In 2020, more than 2.9 million Asian Americans reported experiencing mental health issues. Unfortunately, mental health stigmas and barriers to treatment have kept many of them from getting the help they need. A National Alliance for Mental Illness survey found that 77% of Asian Americans with mood disorders struggle to talk about their symptoms with others.
Various research suggests people in the Asian Americans community are less likely to take action on mental health issues, but there are ways to overcome these problems and increase access to care. Learning more about AAPI mental health and discovering resources is an excellent first step.
Common Issues That Impact Asian American Mental Health
There are many mental health concerns facing the AAPI community. In addition to common everyday stressors like significant life changes, basic anxiety, types of depression, relationship problems, and a lack of sleep, Asian Americans might also struggle with racial discrimination, stereotypes, and other concerns. These are just a few factors contributing to Asian American mental health issues.

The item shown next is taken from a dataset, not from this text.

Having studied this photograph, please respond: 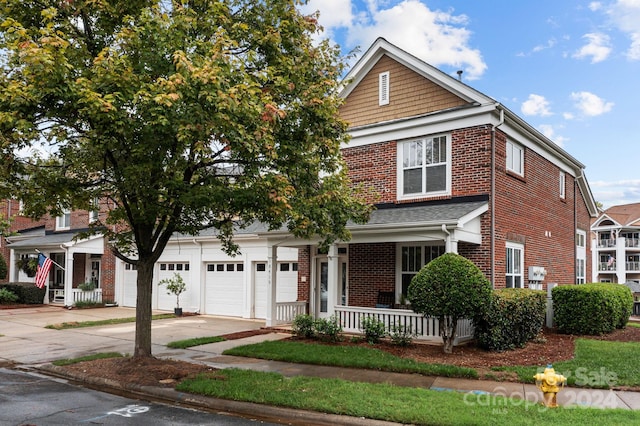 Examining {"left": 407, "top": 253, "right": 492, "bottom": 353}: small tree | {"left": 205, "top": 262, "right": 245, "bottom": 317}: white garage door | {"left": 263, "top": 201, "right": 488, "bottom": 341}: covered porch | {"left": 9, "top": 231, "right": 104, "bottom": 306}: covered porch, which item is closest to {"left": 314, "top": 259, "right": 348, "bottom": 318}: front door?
{"left": 263, "top": 201, "right": 488, "bottom": 341}: covered porch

Discrimination & hate crimes
The Center for the Study of Hate and Extremism found that anti-Asian hate crimes increased by more than an astounding 339% in 2021. This surge of attacks and discriminatory behavior has caused many people to experience a decline in mental health. In a recent survey, 42% of Asian Americans said that racial discrimination is the issue that has the most significant impact on their mental health.
Model minority myth
Misconceptions about model minorities have been damaging to many Asian Americans. The model minority myth describes when a blanket statement or assumption is made about an entire group or community.
For example, one minority myth relates to people in the Asian community having superior intelligence. Unfortunately, if someone internalizes these myths, they can often feel increased pressure to succeed, potentially damaging their mental health and psyche. These beliefs can negatively impact self-esteem and cause people to feel inferior to others.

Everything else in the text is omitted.